Vigésimo noveno Domingo del tiempo ordinario

Evangelio según San Marcos 10,35-45.

Santiago y Juan, los hijos de Zebedeo, se acercaron a Jesús y le dijeron: “Maestro, queremos que nos concedas lo que te vamos a pedir”.
El les respondió: “¿Qué quieren que haga por ustedes?”.
Ellos le dijeron: “Concédenos sentarnos uno a tu derecha y el otro a tu izquierda, cuando estés en tu gloria”.
Jesús les dijo: “No saben lo que piden. ¿Pueden beber el cáliz que yo beberé y recibir el bautismo que yo recibiré?”.
“Podemos”, le respondieron. Entonces Jesús agregó: “Ustedes beberán el cáliz que yo beberé y recibirán el mismo bautismo que yo.
En cuanto a sentarse a mi derecha o a mi izquierda, no me toca a mí concederlo, sino que esos puestos son para quienes han sido destinados”.
Los otros diez, que habían oído a Santiago y a Juan, se indignaron contra ellos.
Jesús los llamó y les dijo: “Ustedes saben que aquellos a quienes se considera gobernantes, dominan a las naciones como si fueran sus dueños, y los poderosos les hacen sentir su autoridad.
Entre ustedes no debe suceder así.
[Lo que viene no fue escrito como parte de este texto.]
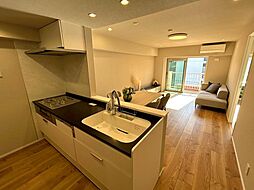 サンビューハイツ渋谷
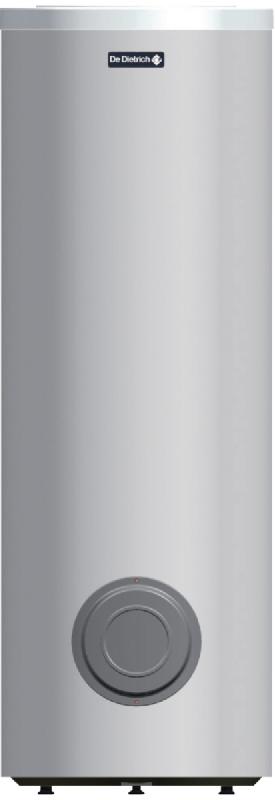Préparateur BLC 150 litres - gamme Confort - habillage ABS rigide et capot gris - classe énergie C - colis EC604 - réf. 100018088_0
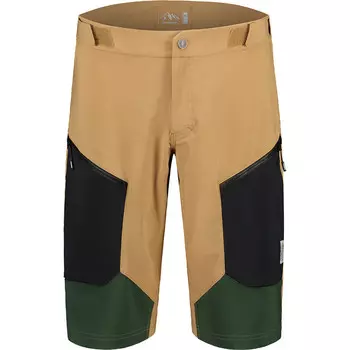 Мужская Торре М велосипедки короткие Maloja, бежевый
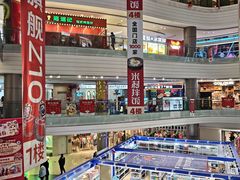 -万向城(裕华路店)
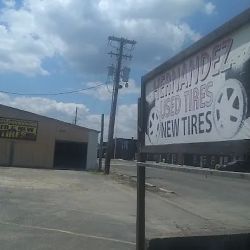 Metro-Hernandez Used & New Tires ico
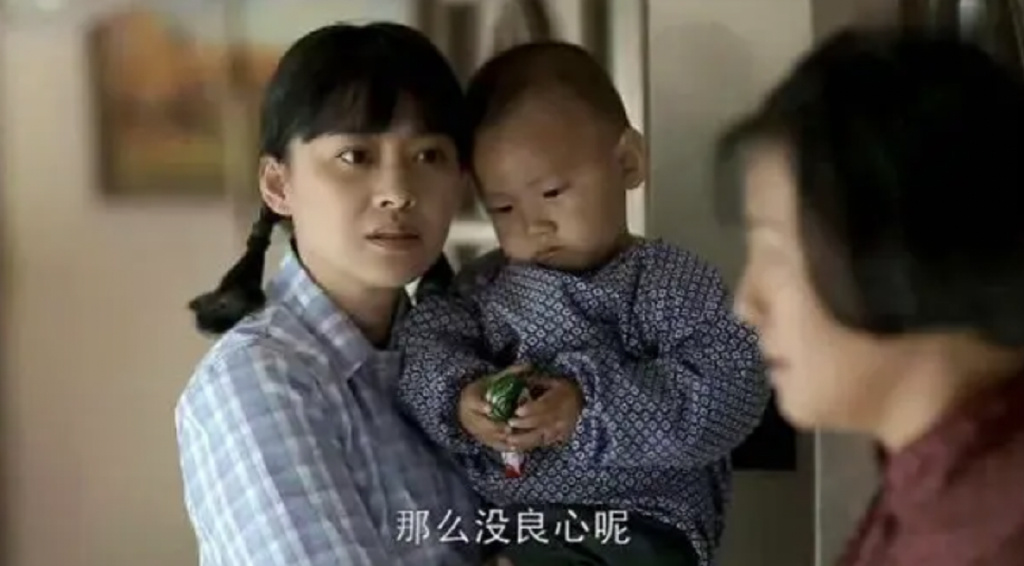 理清了安杰和德华的两次冲突,你也就搞明白了婆媳矛盾的根源__财经头条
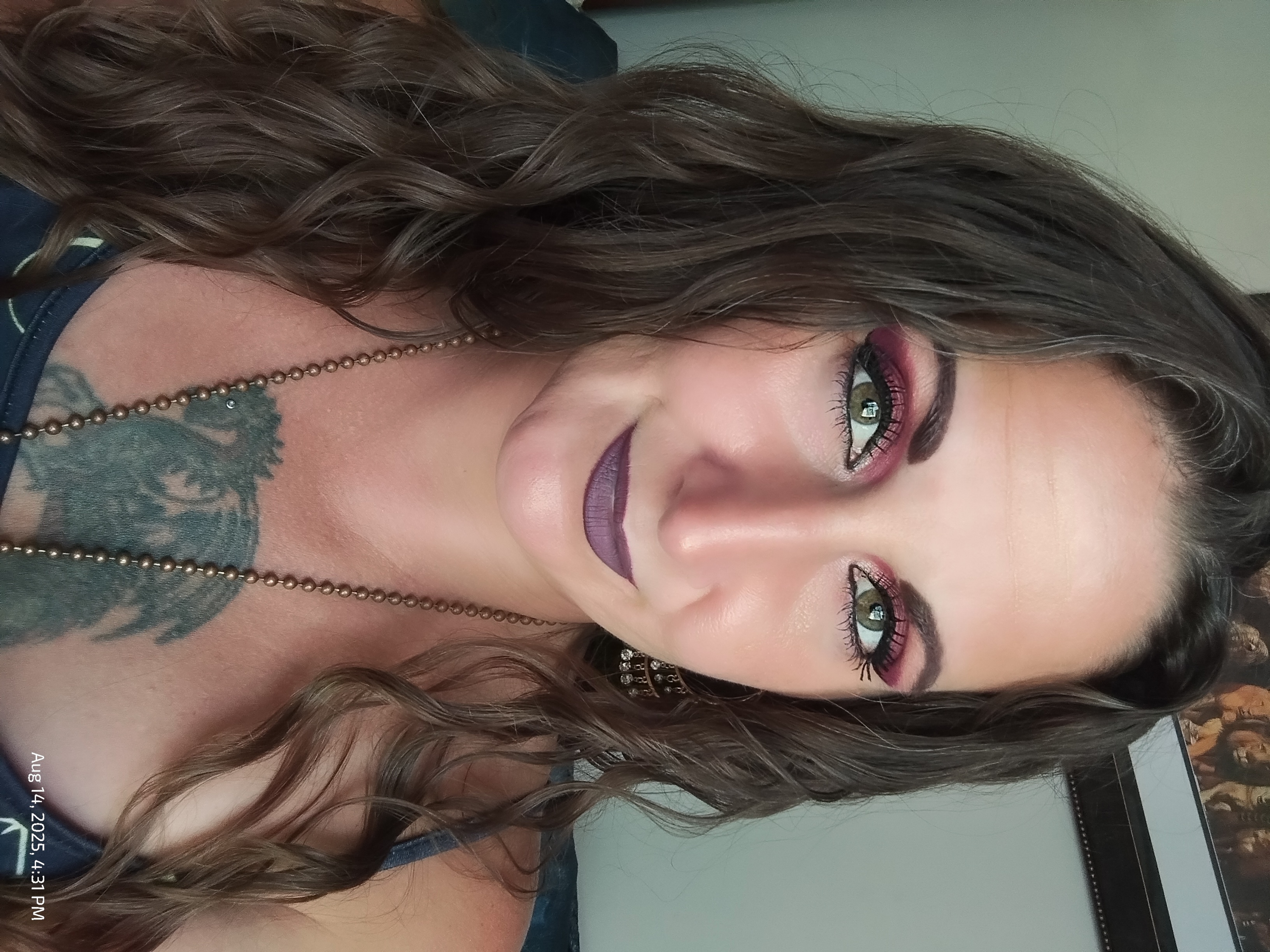 The Matriarchal Muse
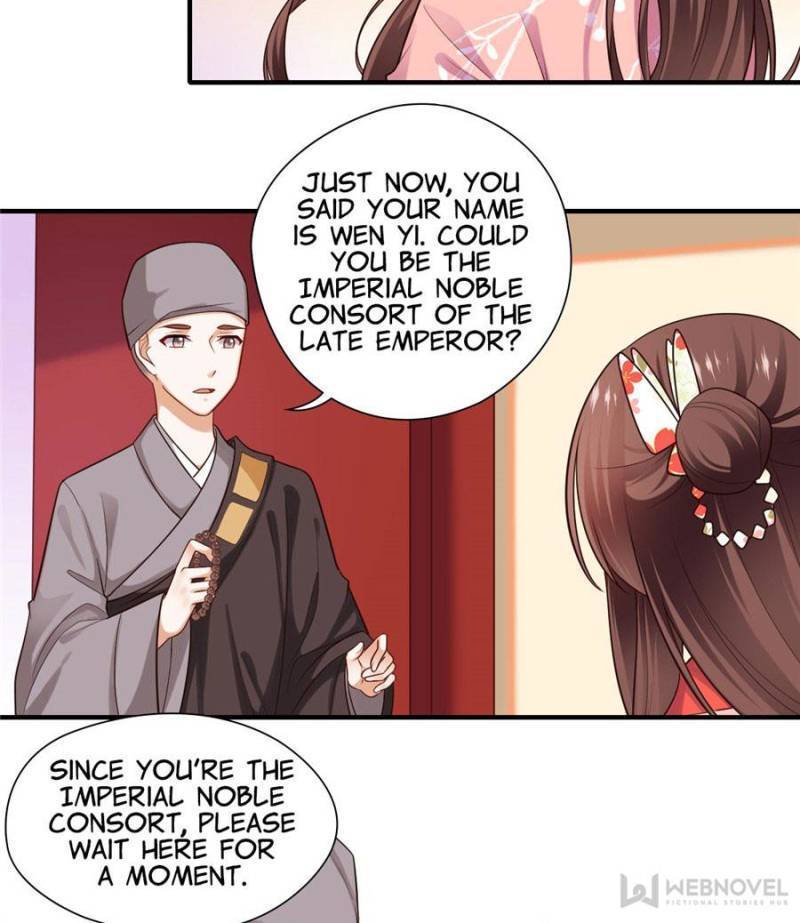 The Glamorous Doctor Divorces Her Husband Chapter 153 - page 10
Al contrario, el que quiera ser grande, que se haga servidor de ustedes;
y el que quiera ser el primero, que se haga servidor de todos.
Porque el mismo Hijo del hombre no vino para ser servido, sino para servir y dar su vida en rescate por una multitud”.
Reflexionemos

San Juan Crisóstomo (c. 345-407)

presbítero en Antioquía, después obispo de Constantinopla, doctor de la Iglesia

Homilías contra los anoméos, 8,6; PG 48, 776-777

“Porque el Hijo del hombre no ha venido para que le sirvan, sino para servir y dar su vida en rescate por todos.”
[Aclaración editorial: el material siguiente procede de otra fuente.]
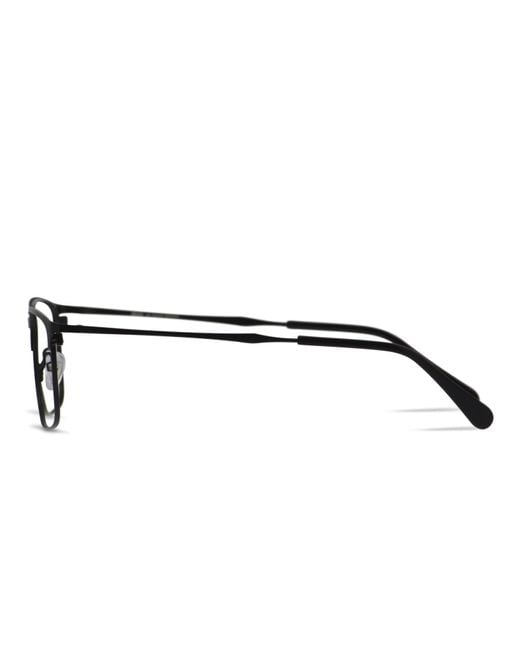 Ottoto Black Lucius for men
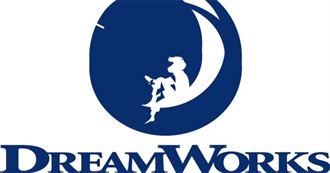 Which DreamWorks Animated Films Have You Seen?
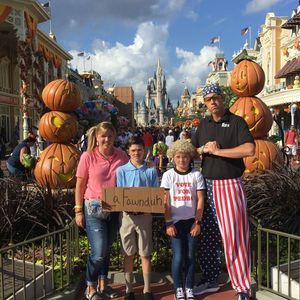 Meet your Posher, Keri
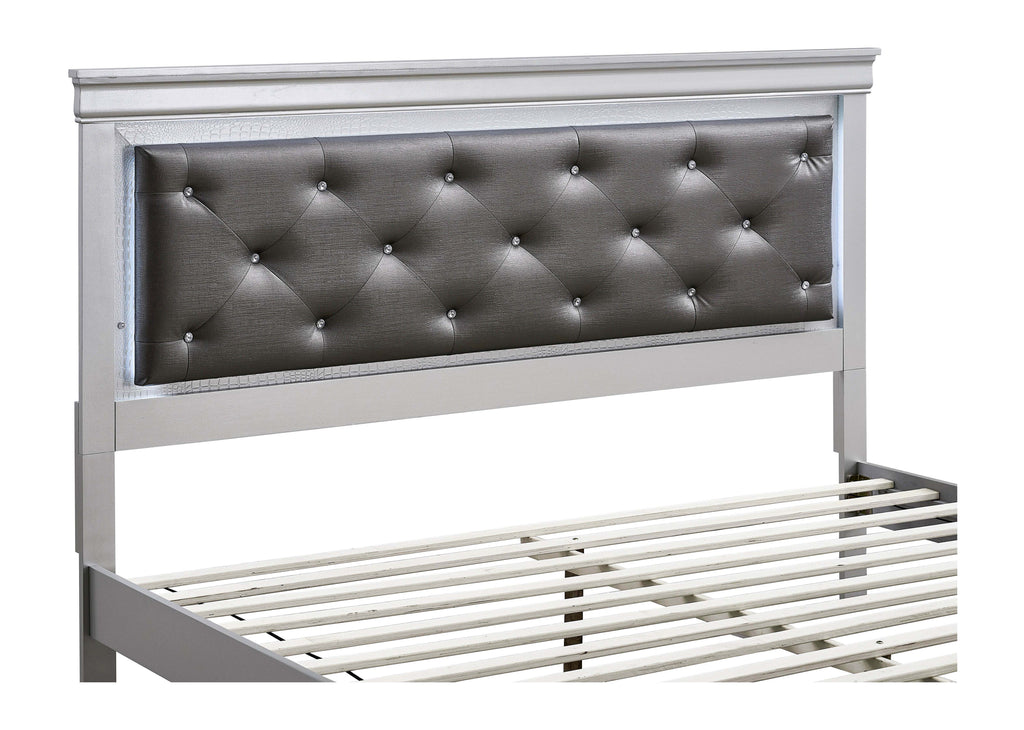 Lorana Bed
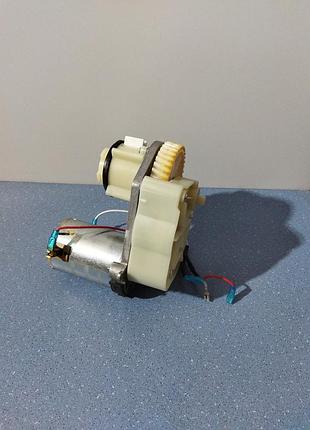 Мотор с редуктором для мясорубки first fa-5141-2 hy64/25h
    Lo que los dos hermanos, Juan y Santiago querían, al aspirar a los primeros puestos, a los cargos y honores más destacados, era según mi parecer, tener autoridad sobre los demás. Por esto Jesús se opone a su pretensión. Descubre y pone al desnudo sus pensamientos secretos cuando les dice: “El que quiera ser primero, sea esclavo de todos.” Dicho de otra manera: “Si aspiráis a los primeros puestos y a los grandes honores, buscad el último lugar, esforzaos a ser los más sencillos, los más humildes y pequeños entre todos. Poneos detrás de los otros. Esta es la virtud que conduce al honor que deseáis. Tenéis cerca de vosotros un ejemplo elocuente, ‘porque el Hijo del hombre  no ha venido para que le sirvan, sino para servir y dar su vida en rescate por todos.’ Así obtendréis gloria y celebridad. Mirad lo que me toca vivir no busco ni honra ni gloria, y no obstante, el bien que realizo de esta manera es infinito.”     Lo sabemos: antes de la encarnación de Cristo  y su abajamiento, todo estaba perdido, todo estaba corrompido; pero, después de que él se humillara, nos lo ha revelado todo. Ha abolido la maldición, ha destruido la muerte, ha abierto el paraíso, ha dado muerte al pecado, ha roto los cerrojos de las puertas del cielo para introducir las primicias de nuestra humanidad. El ha propagado la fe por todo el mundo. Ha expulsado el error y ha establecido la verdad. Ha hecho tomar posesión del trono a las primicias de nuestra naturaleza. Cristo es el autor de beneficios innumerables que mi palabra ni ninguna palabra humana es capaz de expresar. Antes de su abajamiento, sólo los ángeles lo contemplaron, pero después que él se humillara la raza humana entera lo ha reconocido.